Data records
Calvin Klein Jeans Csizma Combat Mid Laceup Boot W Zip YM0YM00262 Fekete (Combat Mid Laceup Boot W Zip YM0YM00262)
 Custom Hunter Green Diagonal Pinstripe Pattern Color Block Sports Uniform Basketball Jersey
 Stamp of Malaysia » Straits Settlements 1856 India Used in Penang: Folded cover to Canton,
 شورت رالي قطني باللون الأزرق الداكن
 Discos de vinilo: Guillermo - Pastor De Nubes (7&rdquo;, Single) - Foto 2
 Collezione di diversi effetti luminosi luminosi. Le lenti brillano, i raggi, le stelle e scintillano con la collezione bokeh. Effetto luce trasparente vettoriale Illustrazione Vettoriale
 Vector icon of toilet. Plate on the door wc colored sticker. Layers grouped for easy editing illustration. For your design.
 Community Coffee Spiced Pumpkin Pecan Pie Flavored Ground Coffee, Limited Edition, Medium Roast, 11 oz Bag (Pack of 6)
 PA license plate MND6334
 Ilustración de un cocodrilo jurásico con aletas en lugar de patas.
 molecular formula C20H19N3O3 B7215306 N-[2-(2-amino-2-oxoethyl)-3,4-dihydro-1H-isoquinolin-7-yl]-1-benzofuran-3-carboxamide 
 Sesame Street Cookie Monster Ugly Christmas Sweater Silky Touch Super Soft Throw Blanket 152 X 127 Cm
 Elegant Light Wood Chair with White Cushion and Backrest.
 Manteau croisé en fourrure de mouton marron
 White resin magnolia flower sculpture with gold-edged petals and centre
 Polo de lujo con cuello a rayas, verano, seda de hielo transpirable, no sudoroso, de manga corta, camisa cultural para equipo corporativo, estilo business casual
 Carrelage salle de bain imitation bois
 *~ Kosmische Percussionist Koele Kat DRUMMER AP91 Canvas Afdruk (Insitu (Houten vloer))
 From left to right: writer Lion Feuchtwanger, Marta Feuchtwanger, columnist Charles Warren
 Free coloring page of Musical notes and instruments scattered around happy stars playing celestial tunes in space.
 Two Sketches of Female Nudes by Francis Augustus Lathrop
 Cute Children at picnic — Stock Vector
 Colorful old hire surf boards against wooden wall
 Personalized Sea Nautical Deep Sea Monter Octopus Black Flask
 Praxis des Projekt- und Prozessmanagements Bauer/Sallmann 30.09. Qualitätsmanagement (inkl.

▶ **WHAT YOU NEED TO DO**: The line with "Personalized Sea Nautical" through the last line of the entries above: output exactly those lines and nothing else.

▶ **RESPONSE AREA**:
 Personalized Sea Nautical Deep Sea Monter Octopus Black Flask
 Praxis des Projekt- und Prozessmanagements Bauer/Sallmann 30.09. Qualitätsmanagement (inkl.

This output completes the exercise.